WHAT IS NEEDED. Output, without alteration, the first line of the entries and each line after it, stopping with the line that contains "Amblyopia - ez".

TASK INPUTS.
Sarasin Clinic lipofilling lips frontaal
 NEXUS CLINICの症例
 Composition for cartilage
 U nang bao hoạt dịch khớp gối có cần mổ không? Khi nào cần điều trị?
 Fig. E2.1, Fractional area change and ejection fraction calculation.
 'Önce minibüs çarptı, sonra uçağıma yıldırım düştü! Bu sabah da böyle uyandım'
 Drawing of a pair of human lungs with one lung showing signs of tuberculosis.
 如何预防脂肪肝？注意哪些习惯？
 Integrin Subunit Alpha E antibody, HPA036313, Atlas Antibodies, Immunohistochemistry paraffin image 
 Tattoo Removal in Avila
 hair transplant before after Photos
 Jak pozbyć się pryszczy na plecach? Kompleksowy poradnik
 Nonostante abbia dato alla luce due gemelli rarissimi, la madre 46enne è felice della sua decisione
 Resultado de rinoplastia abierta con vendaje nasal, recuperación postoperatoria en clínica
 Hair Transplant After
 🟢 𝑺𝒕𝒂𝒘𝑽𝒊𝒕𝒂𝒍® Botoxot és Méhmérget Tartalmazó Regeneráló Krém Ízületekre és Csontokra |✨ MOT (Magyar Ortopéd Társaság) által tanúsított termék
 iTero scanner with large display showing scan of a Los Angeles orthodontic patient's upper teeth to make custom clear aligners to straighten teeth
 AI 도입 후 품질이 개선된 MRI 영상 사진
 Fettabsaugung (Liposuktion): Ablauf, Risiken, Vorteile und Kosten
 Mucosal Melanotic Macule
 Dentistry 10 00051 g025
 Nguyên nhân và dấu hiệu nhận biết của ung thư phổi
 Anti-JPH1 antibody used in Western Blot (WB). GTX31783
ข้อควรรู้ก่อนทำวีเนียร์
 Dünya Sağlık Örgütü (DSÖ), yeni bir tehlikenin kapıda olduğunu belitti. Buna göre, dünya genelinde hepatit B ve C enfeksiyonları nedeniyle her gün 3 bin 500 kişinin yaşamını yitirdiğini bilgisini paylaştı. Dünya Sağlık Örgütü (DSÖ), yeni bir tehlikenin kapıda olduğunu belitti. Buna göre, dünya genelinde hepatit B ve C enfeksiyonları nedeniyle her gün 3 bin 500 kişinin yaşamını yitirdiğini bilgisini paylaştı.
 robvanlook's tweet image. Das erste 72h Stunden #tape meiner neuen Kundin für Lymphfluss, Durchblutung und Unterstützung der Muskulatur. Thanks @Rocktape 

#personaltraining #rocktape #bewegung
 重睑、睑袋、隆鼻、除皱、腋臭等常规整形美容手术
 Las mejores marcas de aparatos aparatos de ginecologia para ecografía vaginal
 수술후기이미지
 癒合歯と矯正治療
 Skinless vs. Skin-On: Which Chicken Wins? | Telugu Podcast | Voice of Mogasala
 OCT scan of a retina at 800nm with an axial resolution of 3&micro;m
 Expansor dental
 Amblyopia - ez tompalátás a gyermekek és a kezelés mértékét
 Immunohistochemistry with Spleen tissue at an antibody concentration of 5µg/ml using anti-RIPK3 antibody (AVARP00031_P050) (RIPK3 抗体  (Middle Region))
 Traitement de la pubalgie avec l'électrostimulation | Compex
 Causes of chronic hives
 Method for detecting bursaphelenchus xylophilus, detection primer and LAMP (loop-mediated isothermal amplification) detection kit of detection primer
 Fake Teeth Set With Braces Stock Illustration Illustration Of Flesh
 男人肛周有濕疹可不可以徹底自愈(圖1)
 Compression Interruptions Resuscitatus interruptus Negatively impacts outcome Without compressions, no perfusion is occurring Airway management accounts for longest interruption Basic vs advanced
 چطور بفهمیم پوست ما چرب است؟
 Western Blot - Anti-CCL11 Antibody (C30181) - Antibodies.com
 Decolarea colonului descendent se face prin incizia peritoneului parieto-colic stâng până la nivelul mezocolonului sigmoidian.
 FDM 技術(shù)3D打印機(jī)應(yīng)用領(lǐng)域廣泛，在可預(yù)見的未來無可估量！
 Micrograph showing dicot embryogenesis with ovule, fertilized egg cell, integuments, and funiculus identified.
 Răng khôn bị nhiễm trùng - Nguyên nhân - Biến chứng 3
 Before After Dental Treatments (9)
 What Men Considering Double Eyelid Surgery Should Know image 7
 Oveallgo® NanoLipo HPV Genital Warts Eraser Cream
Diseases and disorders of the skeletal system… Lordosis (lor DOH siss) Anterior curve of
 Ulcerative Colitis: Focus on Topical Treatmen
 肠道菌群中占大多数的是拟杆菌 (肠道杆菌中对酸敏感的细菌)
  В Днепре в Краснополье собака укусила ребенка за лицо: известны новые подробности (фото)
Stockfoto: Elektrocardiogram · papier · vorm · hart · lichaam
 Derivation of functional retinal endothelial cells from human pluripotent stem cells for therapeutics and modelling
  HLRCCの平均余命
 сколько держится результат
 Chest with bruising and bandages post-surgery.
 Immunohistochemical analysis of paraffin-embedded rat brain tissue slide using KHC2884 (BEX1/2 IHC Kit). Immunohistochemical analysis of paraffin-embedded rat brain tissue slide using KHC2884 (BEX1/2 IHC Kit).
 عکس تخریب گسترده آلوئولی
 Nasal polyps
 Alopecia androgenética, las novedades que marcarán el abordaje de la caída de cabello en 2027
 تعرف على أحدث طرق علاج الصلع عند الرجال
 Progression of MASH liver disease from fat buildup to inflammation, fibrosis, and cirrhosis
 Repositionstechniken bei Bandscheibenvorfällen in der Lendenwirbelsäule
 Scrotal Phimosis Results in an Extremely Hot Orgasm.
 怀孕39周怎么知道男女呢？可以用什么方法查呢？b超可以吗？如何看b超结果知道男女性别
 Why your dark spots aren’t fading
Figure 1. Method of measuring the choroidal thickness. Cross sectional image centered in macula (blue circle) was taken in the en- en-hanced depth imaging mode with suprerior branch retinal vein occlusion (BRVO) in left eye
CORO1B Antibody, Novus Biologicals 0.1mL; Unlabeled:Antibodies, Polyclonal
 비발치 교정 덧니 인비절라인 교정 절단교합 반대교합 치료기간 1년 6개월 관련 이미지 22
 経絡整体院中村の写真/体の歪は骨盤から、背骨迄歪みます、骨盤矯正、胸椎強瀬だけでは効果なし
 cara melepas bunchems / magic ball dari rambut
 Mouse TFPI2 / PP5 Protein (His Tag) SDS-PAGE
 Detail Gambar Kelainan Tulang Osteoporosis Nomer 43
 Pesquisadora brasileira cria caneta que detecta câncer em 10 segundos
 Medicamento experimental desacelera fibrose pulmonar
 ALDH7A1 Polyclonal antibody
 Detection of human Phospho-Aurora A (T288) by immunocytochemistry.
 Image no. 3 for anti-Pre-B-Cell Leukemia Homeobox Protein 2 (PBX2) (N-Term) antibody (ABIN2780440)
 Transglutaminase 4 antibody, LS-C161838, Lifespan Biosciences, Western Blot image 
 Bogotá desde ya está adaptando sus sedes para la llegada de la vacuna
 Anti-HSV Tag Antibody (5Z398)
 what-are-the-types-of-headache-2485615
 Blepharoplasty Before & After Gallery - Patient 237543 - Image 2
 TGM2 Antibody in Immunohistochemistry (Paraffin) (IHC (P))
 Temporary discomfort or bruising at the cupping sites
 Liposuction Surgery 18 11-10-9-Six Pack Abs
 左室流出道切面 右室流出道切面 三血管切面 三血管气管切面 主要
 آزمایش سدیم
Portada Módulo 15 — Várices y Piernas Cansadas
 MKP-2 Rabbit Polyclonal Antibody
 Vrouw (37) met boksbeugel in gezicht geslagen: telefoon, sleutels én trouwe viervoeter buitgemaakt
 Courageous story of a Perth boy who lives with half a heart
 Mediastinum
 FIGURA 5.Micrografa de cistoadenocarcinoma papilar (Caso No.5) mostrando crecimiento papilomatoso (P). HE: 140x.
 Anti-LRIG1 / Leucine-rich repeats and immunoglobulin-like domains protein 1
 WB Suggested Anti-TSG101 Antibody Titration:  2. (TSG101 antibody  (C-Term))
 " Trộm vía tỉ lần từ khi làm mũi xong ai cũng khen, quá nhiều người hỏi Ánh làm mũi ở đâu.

ANSWER TO THIS TASK.
Sarasin Clinic lipofilling lips frontaal
 NEXUS CLINICの症例
 Composition for cartilage
 U nang bao hoạt dịch khớp gối có cần mổ không? Khi nào cần điều trị?
 Fig. E2.1, Fractional area change and ejection fraction calculation.
 'Önce minibüs çarptı, sonra uçağıma yıldırım düştü! Bu sabah da böyle uyandım'
 Drawing of a pair of human lungs with one lung showing signs of tuberculosis.
 如何预防脂肪肝？注意哪些习惯？
 Integrin Subunit Alpha E antibody, HPA036313, Atlas Antibodies, Immunohistochemistry paraffin image 
 Tattoo Removal in Avila
 hair transplant before after Photos
 Jak pozbyć się pryszczy na plecach? Kompleksowy poradnik
 Nonostante abbia dato alla luce due gemelli rarissimi, la madre 46enne è felice della sua decisione
 Resultado de rinoplastia abierta con vendaje nasal, recuperación postoperatoria en clínica
 Hair Transplant After
 🟢 𝑺𝒕𝒂𝒘𝑽𝒊𝒕𝒂𝒍® Botoxot és Méhmérget Tartalmazó Regeneráló Krém Ízületekre és Csontokra |✨ MOT (Magyar Ortopéd Társaság) által tanúsított termék
 iTero scanner with large display showing scan of a Los Angeles orthodontic patient's upper teeth to make custom clear aligners to straighten teeth
 AI 도입 후 품질이 개선된 MRI 영상 사진
 Fettabsaugung (Liposuktion): Ablauf, Risiken, Vorteile und Kosten
 Mucosal Melanotic Macule
 Dentistry 10 00051 g025
 Nguyên nhân và dấu hiệu nhận biết của ung thư phổi
 Anti-JPH1 antibody used in Western Blot (WB). GTX31783
ข้อควรรู้ก่อนทำวีเนียร์
 Dünya Sağlık Örgütü (DSÖ), yeni bir tehlikenin kapıda olduğunu belitti. Buna göre, dünya genelinde hepatit B ve C enfeksiyonları nedeniyle her gün 3 bin 500 kişinin yaşamını yitirdiğini bilgisini paylaştı. Dünya Sağlık Örgütü (DSÖ), yeni bir tehlikenin kapıda olduğunu belitti. Buna göre, dünya genelinde hepatit B ve C enfeksiyonları nedeniyle her gün 3 bin 500 kişinin yaşamını yitirdiğini bilgisini paylaştı.
 robvanlook's tweet image. Das erste 72h Stunden #tape meiner neuen Kundin für Lymphfluss, Durchblutung und Unterstützung der Muskulatur. Thanks @Rocktape 

#personaltraining #rocktape #bewegung
 重睑、睑袋、隆鼻、除皱、腋臭等常规整形美容手术
 Las mejores marcas de aparatos aparatos de ginecologia para ecografía vaginal
 수술후기이미지
 癒合歯と矯正治療
 Skinless vs. Skin-On: Which Chicken Wins? | Telugu Podcast | Voice of Mogasala
 OCT scan of a retina at 800nm with an axial resolution of 3&micro;m
 Expansor dental
 Amblyopia - ez tompalátás a gyermekek és a kezelés mértékét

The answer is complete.